Facebook Busts Iranian Dissident Group’s Elaborate Troll Farm Operation

Facebook says it busted a troll farm run by the Mujahideen-e-Khalq—a dissident Iranian group which lobbies for the overthrow of Iran’s revolutionary government—that used artificial intelligence-generated fake faces to populate sham accounts.

The social media company linked the troll farm, based alongside the MEK’s headquarters in Albania, to 300 different assets on Facebook’s platform, including pages, groups and accounts engaged in coordinated inauthentic behavior.
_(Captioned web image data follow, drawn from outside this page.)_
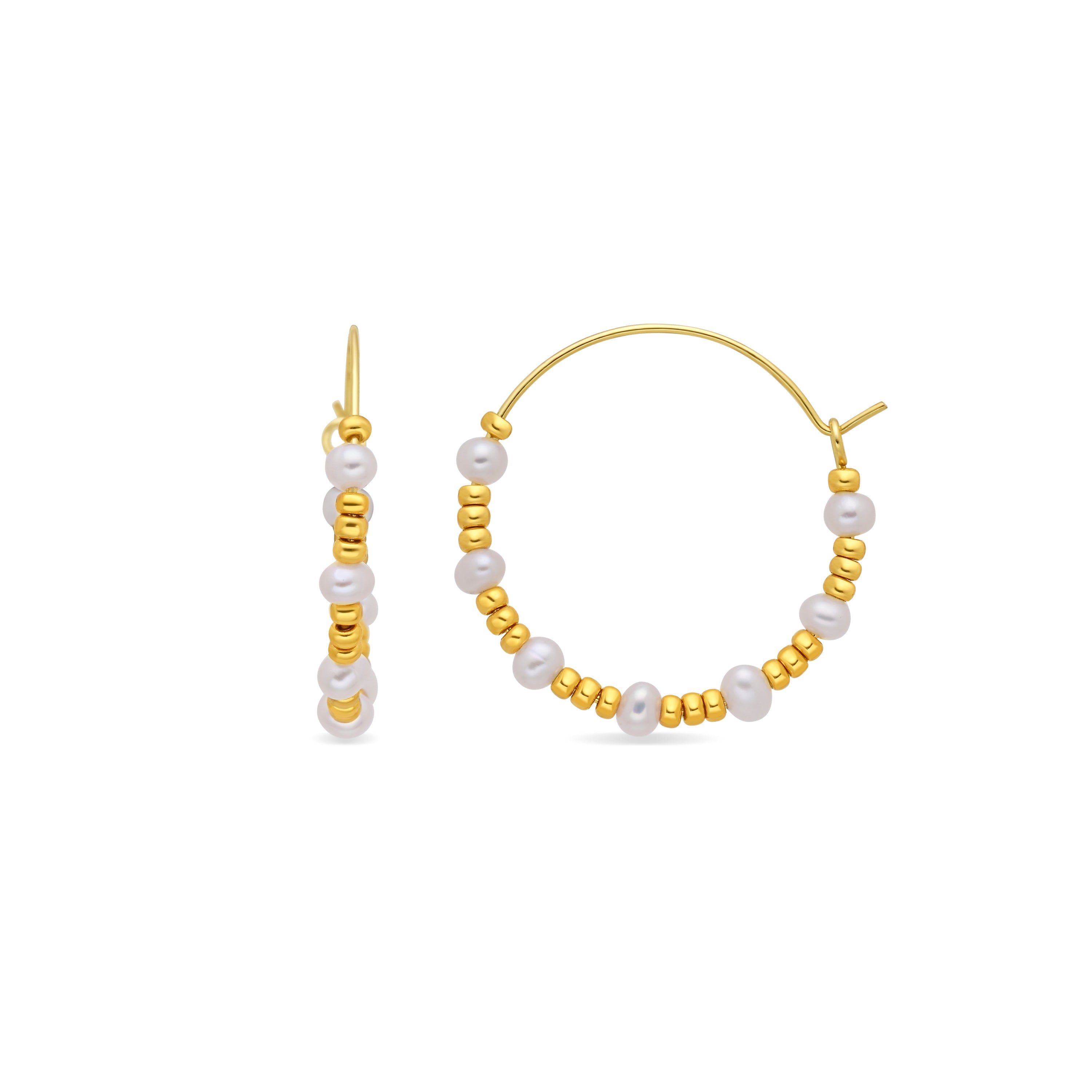 925 Sterling Silver and White Pearl Earrings with 18k Yellow Gold Finish - Deli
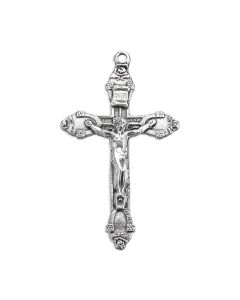 1 3/4" Antiqued Silver Oxidized Ornate Crucifix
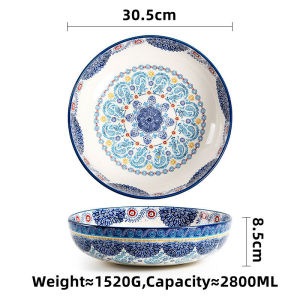 OMK Blue Talavera series Ceramic 2800ML Serving Bowls Fruit Salad Bowl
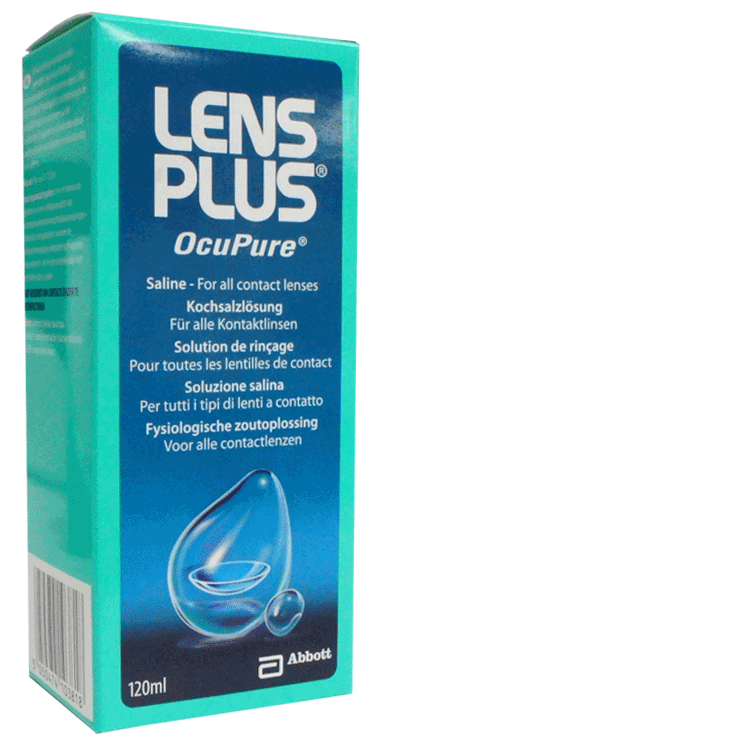 Solution saline Lens Plus OcuPure 120 ml pour toutes les lentilles de contact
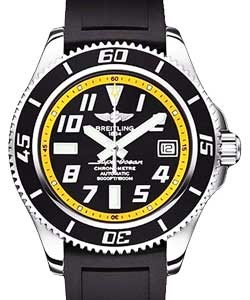 Aeromarine Superocean New Wave 42mm in Steel on Black Rubber Strap with Black Dial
The Mujahideen-e-Khalq, which began as a Marxist revolutionary organization, opposed Iran’s monarchy in the 1970s and fought alongside the IRGC to overthrow the Shah of Iran. After the revolution, the IRGC cracked down on the MEK and the group sought refuge in Saddam Hussein’s Iraq. The U.S. designated the group as a terrorist organization in 1997 but the Obama administration removed the designation in 2012.
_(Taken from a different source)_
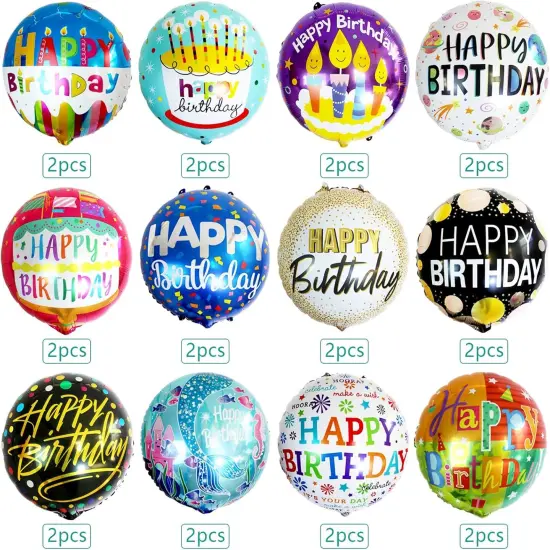 24 Pcs Happy Birthday Foil Balloons 18 inch Round Helium Floating Mylar Balloon Inflatable Balloons for Birthday Party Decorations Supplies,12 Patterns {3}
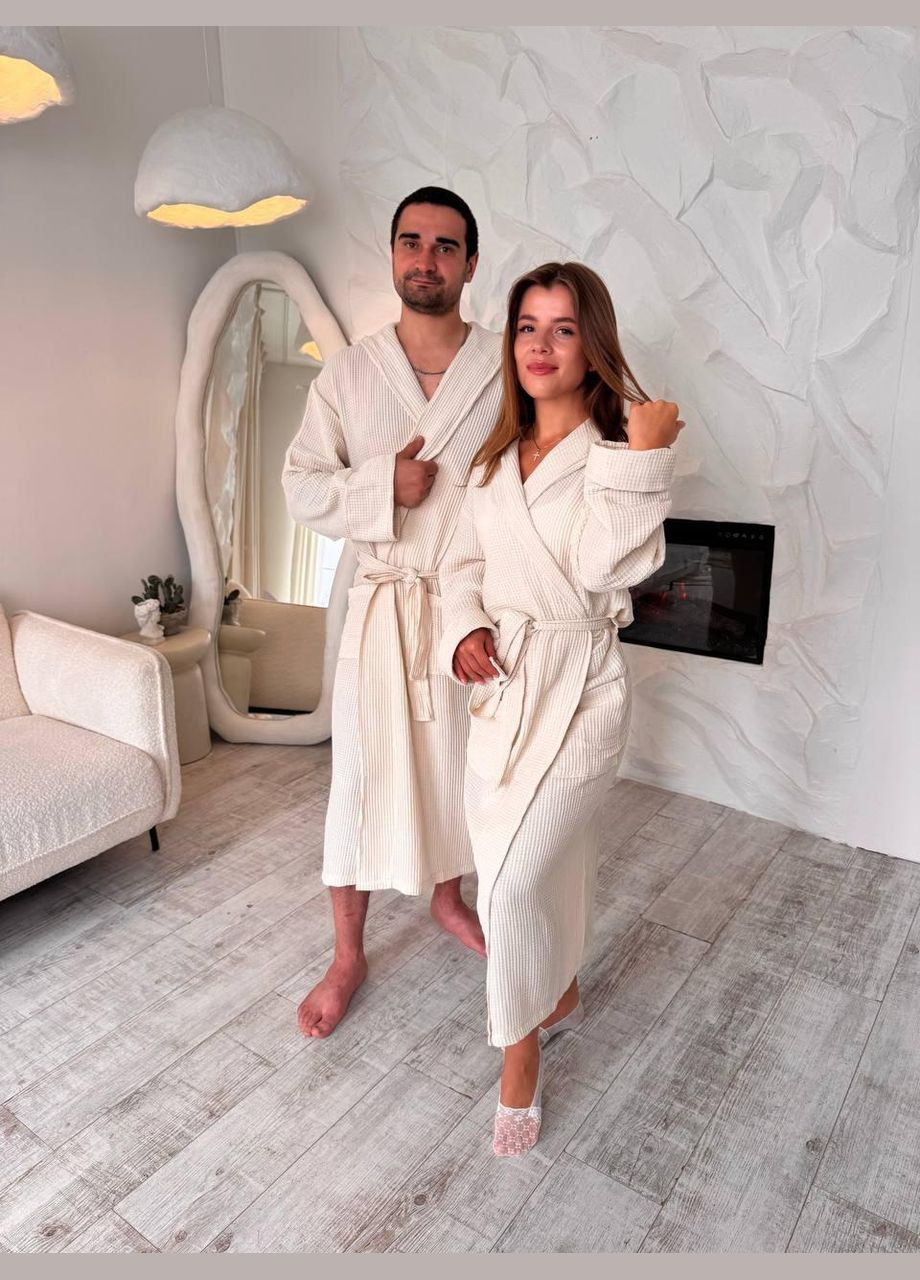 Пара банних халатів вафельний M-L Молочний (П4К-al-hal-vafel-D-005) No Brand (356515929)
Since then, the group has spent millions of dollars cultivating allies in the U.S. and advocating for regime change in Iran. It’s also spent big on speaking fees for high profile Democratic and Republican heavyweights it considers allies, including Rudy Giuliani, former Vermont governor and DNC chair Howard Dean, and former Trump national security advisor John Bolton.

The group is known for its strict control of members. A 2005 study by Human Rights Watch based on interviews with MEK dissidents included testimonies about “abuses ranging from detention and persecution of ordinary members wishing to leave the organization, to lengthy solitary confinements, severe beatings, and torture of dissident members.”

In a 2009 study, RAND researchers alleged that the group displayed a number of “cult characteristics,” including “intense ideological exploitation and isolation,” “sexual control,” “emotional isolation,” and other such tactics.

While the U.S. has accounted for much of the MEK’s lobbying focus, the troll farm it ran was apparently focused more on Iranian and diaspora audiences. Facebook says the majority of posts by the troll farm were in Farsi with a smaller number in Arabic and English.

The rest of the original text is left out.